A somewhat long post. Hope you read it and help. 

 

I have recently (one and a half years ago, to be precise) become part of a BDSM relationship as the sub to my Mistress. We have known each other for years and dated traditionally for three years before coming to terms with the fact that we are both switches, I being more of a sub and she more of a dom. We live in a non-western country where society is still conservative and non-traditional sex is frowned upon, so it took us time to realize what we really wanted from one another. Now that we have both embraced our true nature, we are certainly happier.

There is one problem, though. Before we officially became the BDSM couple, Mistress had expressed interest in partly cuckolding me, i.e. making me remain chaste (and even using a cock cage) for as long as she wished, while she slept with other guys. I was allowed to sleep with her, or even masturbate, only when she permitted, which was not, of course, very often. She seemed to be really excited over this, and this arrangement stayed in place for ten months or so. After that, Mistress stopped it, saying that she loves me and does not like sleeping with other men. Said that it felt like cheating, and that she was hurting me. Though I said, again and again, that I am okay with the chastity/cuckolding thing, she maintained that she will not go back to it. She kept saying, "It's just not the same with others." Instead, she now has me follow this new lifestyle where she subjects me to shorter periods of chastity and sleeps with me more often, but does so only after rigorous sessions of caning, whipping, wax *** and suchlike.

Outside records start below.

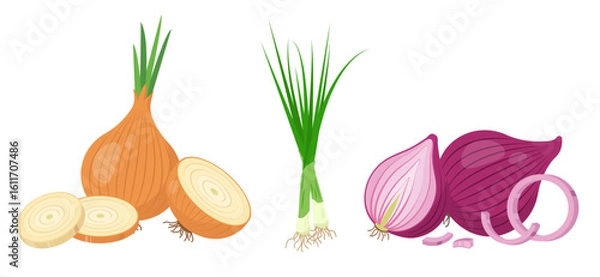 Obraz Different types of Onions. Yellow gold and red Onion with parts and Green Chives onion. Cook ingredients, spices. Organic food icons. Vector illustration isolated on white background.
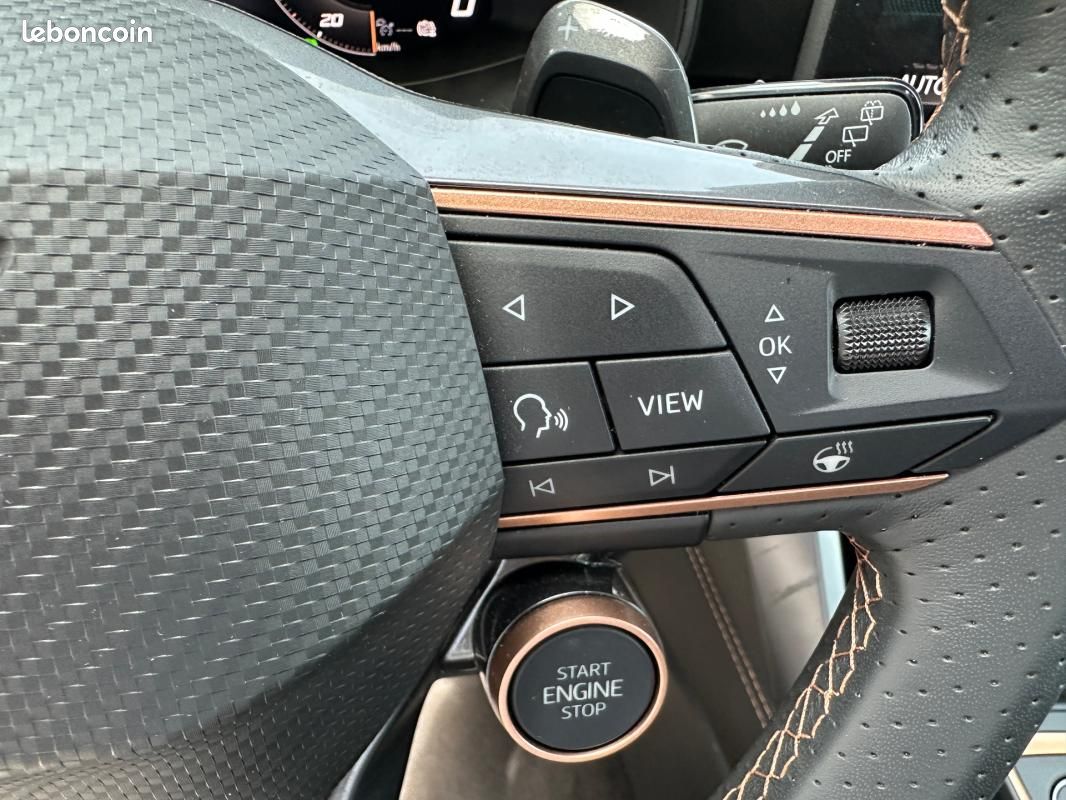 Cupra Formentor 2.0 TDI 150 ch DSG7 V (image 14)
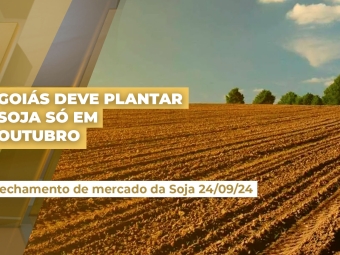 thumb-soja-goiás
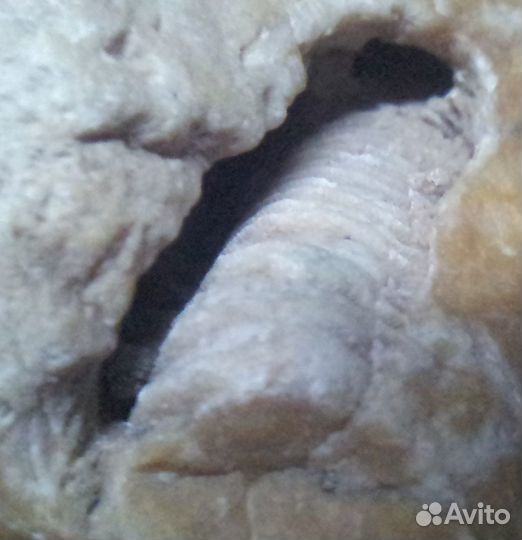 Окаменелость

I am not unhappy with what I am asked to do now. But I do worry if I am holding Mistress back. Her exploration of her dom self through relationships with other men while keeping me chaste/cuckolded was cut short because of her feelings for me, and I could not convince her to continue with it. I can't help but feel that I am getting in the way of her being the dom she wants to be. I tried to say this to her, but she just sushed me. And of course, I cannot really broach the topic again, seeing that it is not a sub's place to tell a dom what to do. But I feel guilty. I think, as I said, I am holding Mistress back. What's more, I think it will bother her eventually as well, and this combination of my guilt and her dissatisfaction will hurt our relationship.

 

What should I do?

Posted

Evaluate if you're still happy within the new dynamic.

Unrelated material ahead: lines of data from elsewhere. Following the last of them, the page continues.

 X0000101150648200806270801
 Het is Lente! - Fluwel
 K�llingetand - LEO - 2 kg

Don't try and convince her towards cuckolding and so on. She tried it and decided it wasn't for her by the sounds of it. It comes across as something YOU want.

 

🐺🙏

Posted

Actions first then evaluate emotions. Your Mistress isn’t self centred as you say she loves you and doesn’t want to upset your closeness together. Bdsm is a broad church so explore other avenues. You might just discover something even more exciting than cuckolding or on the other hand revisit at a later stage. 
Many submissives go through self doubt but many sub-missives don’t have love and affection as you do. 

BohemianLady
Posted

I think it’s wise to trust that your Mistress knows best. From the sound of it she loves and cares about you a lot, love doesn’t get in the way of kink. The connection just gets stronger. It doesn’t sound like you are holding her back at all. She has just told you what she wants and what she doesn’t want, its good to follow what she wants.